When I ask him [Stephen Chu] how we are going to solve this problem internationally, what he'll tell you is that we can get about a third of this done through efficiencies and existing technologies, we can get an additional chunk through some sort of pricing in carbon, but ultimately we're going to need some technological breakthroughs

It is an interesting and rather pragmatic characterization of the solution. The pricing could, of course, drive efficiencies, use of efficient technologies and the development of new breakthrough technologies. But we're seeing how a comprehensive pricing scheme is a practical and political nightmare. Implementing a national or international pricing scheme that touches on a limited set of carbon-generating activities, let one alone taxes carbon across the board, has been hard enough (in the case of Waxman-Markey, you end up with a complicated bill that alienates even the supporters of action). 

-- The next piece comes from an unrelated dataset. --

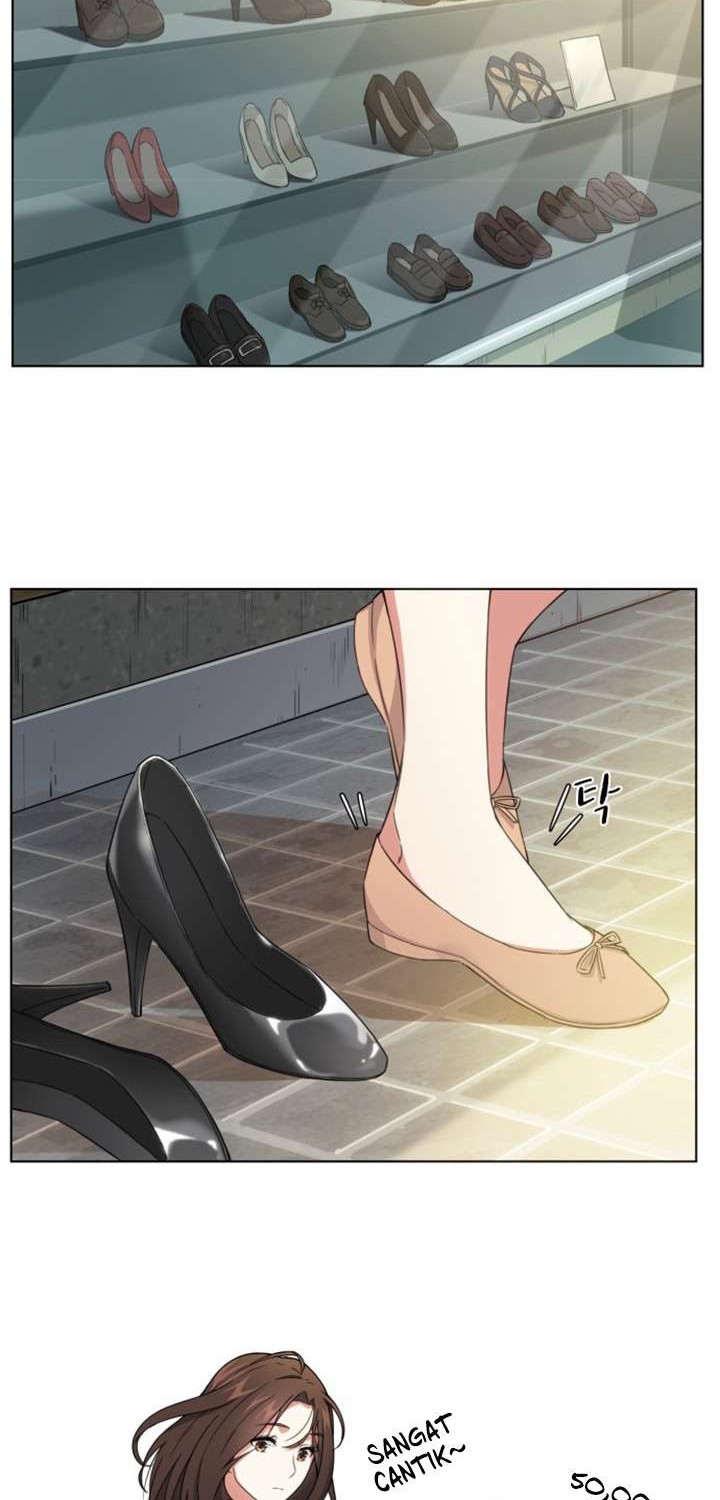 My Office Noona’s Story Chapter 2 - halaman 4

Maybe people are finally coming to the realization that a piecemeal solution might actually work the best.   If we can use adopt "wedges" thinking, rather than one grand solution, to reducing emissions, why not do the same for the policy that encourages the emissions reductions?

In Obama's words:

We may end up having to do it in chunks, as opposed to some sort of comprehensive omnibus legislation. But we're going to stay on this because it is good for our economy, it's good for our national security, and, ultimately, it's good for our environment.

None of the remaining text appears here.